1. Field of the Disclosure
The disclosure relates to an array substrate for a display device, and more particularly, to an array substrate for a display device including a thin film transistor and a method of manufacturing the same.
2. Discussion of the Related Art
With rapid development of information technologies, various display devices for displaying images have been requested. Flat panel display (FPD) devices such as a liquid crystal display (LCD) device, a plasma display panel (PDP) device and an organic light emitting diode (OLED) device have been suggested.
Among the FPD devices, the LCD device has been widely used for its superiorities of small size, light-weight, thin profile and low power consumption.
An active matrix type display device, which includes pixels arranged in a matrix form and switching elements for controlling on/off the respective pixels, have been widely used. The active matrix type display device includes an array substrate, on which gate lines, data lines, switching elements and pixel electrodes are formed. The array substrate will be described hereinafter with reference to accompanying drawings.
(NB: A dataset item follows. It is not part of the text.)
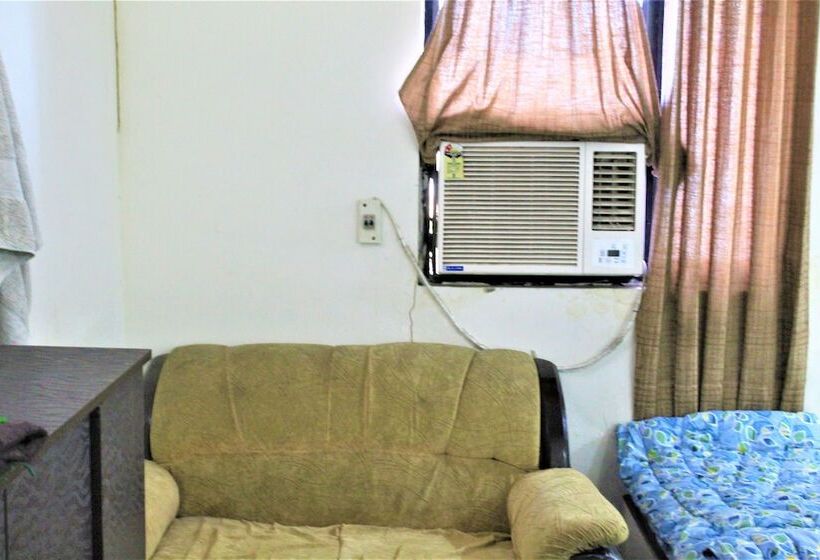 Пансион Central Guest House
FIG. 1 is a plane view of illustrating an array substrate for a display device according to the related art.
In FIG. 1, a gate line 22 and a data line 52 cross each other to define a pixel region P. A thin film transistor T is connected to the gate line 22 and the data line 52.
The thin film transistor T includes a gate electrode 24, an active layer 42, a source electrode 54 and a drain electrode 56. The gate electrode 24 is connected to the gate line 22, the source electrode 54 is connected to the data line 52, and the drain electrode 56 is spaced apart from the source electrode 54. The active layer 52 is exposed between the source electrode 54 and the drain electrode 56, and the exposed portion of the active layer 52 becomes a channel of the thin film transistor T.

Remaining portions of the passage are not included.